• Prompt
Only the lines of the listing below that run from the line with "Blogilates Ruched Waist" through the line with "Balenciaga Men's 3b" are to be set down, word for word. Pictures stay out.

• Listed records

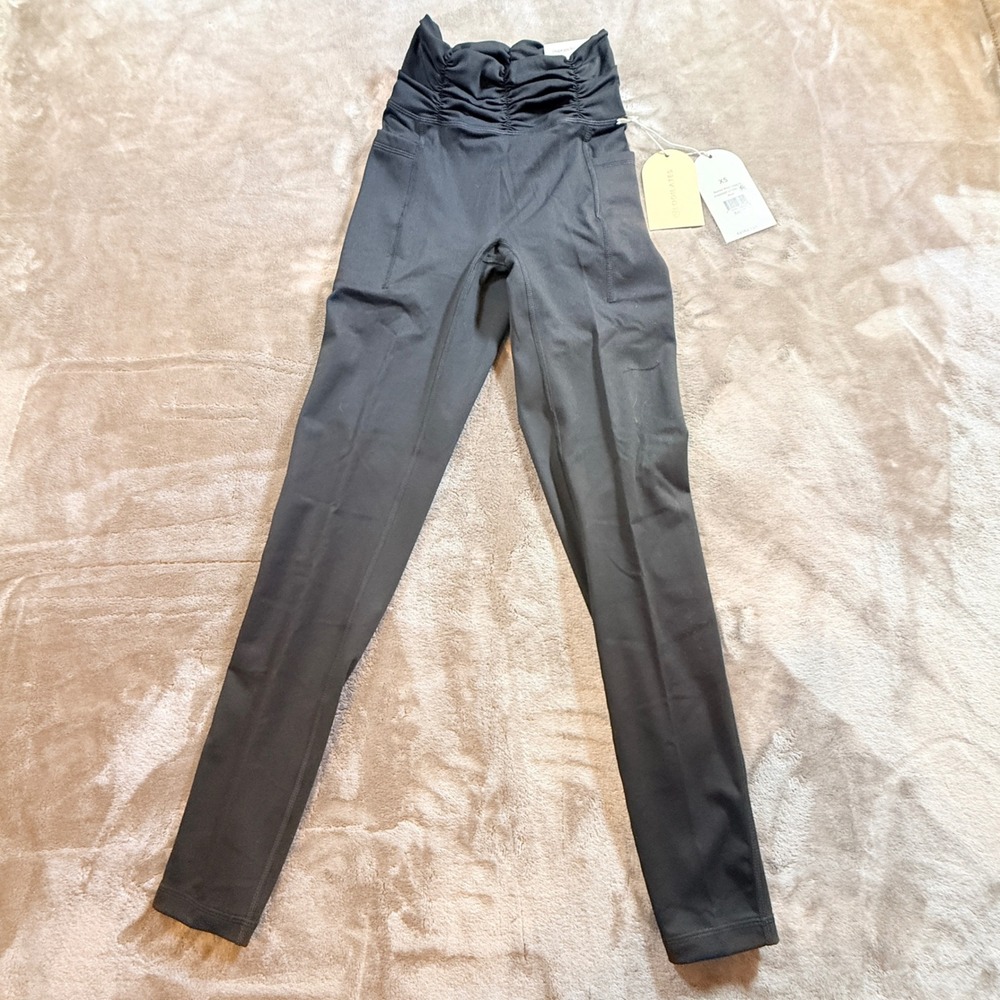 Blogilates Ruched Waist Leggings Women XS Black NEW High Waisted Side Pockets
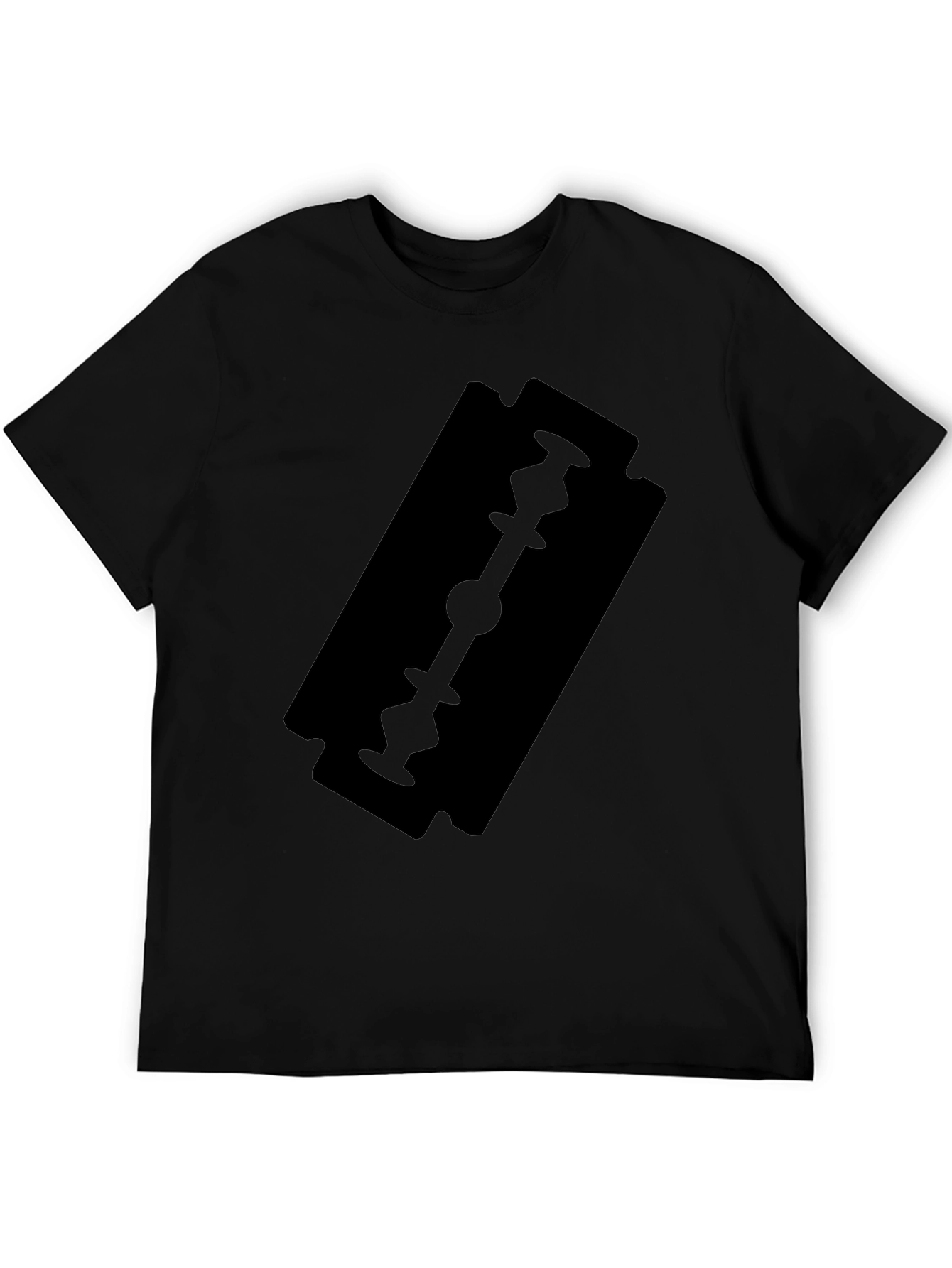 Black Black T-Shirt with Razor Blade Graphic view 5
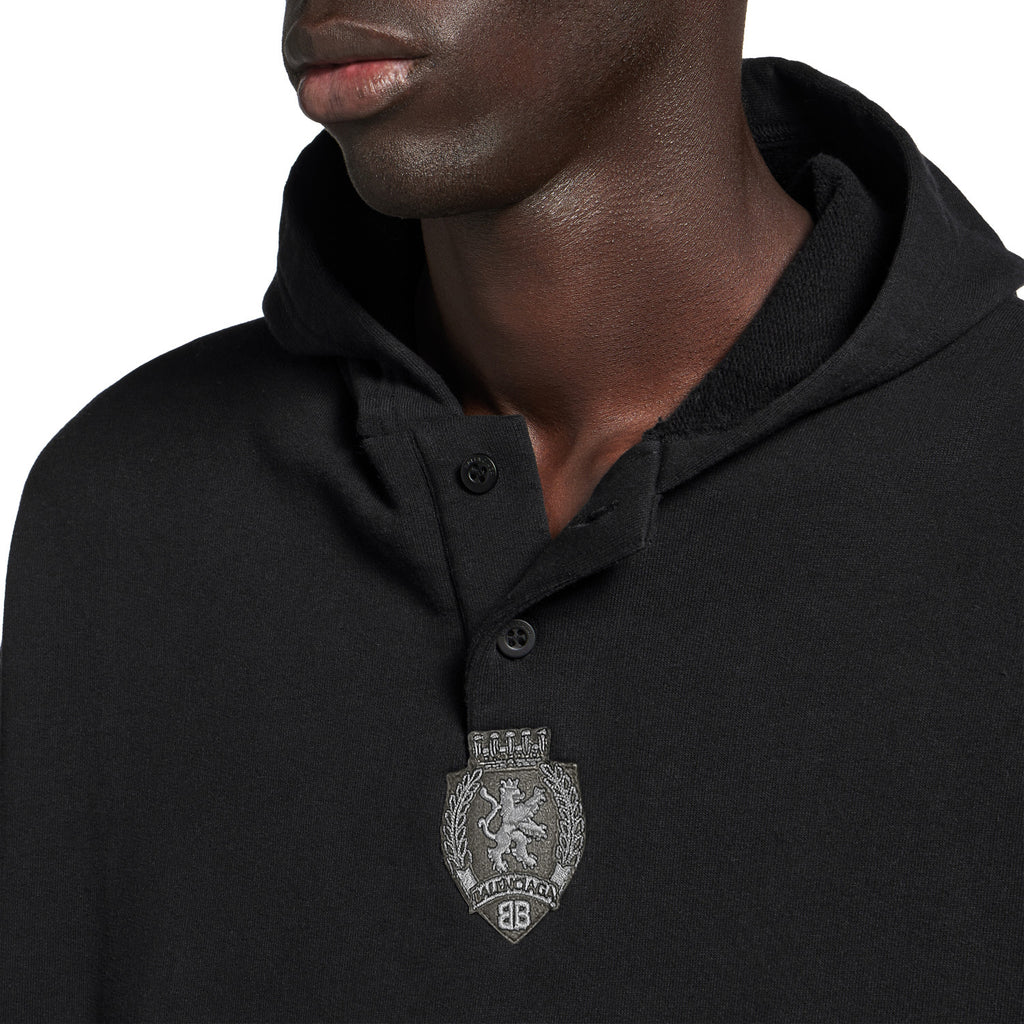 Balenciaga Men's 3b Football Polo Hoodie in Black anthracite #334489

* * *

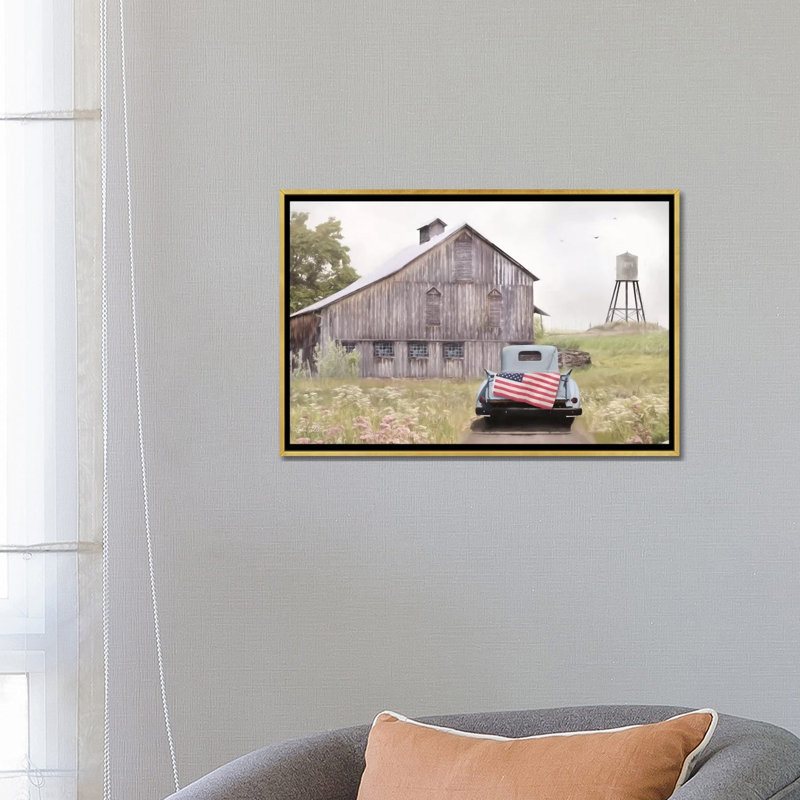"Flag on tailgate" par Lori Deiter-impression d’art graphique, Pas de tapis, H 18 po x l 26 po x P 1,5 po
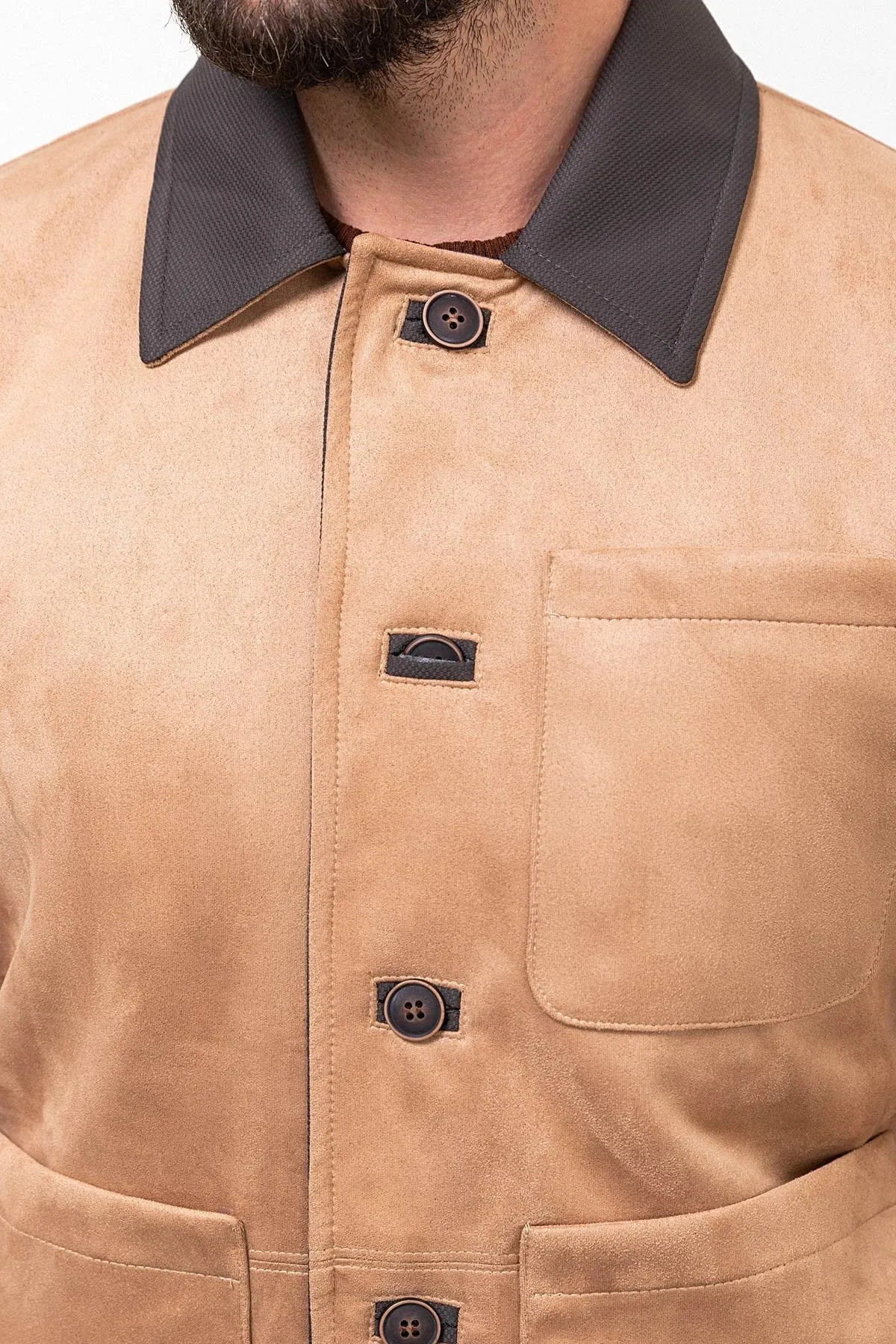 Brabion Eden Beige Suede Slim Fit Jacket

...

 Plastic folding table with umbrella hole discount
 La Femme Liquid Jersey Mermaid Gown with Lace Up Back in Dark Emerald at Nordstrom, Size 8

• Answer for the task
 Blogilates Ruched Waist Leggings Women XS Black NEW High Waisted Side Pockets
 Black Black T-Shirt with Razor Blade Graphic view 5
 Balenciaga Men's 3b Football Polo Hoodie in Black anthracite #334489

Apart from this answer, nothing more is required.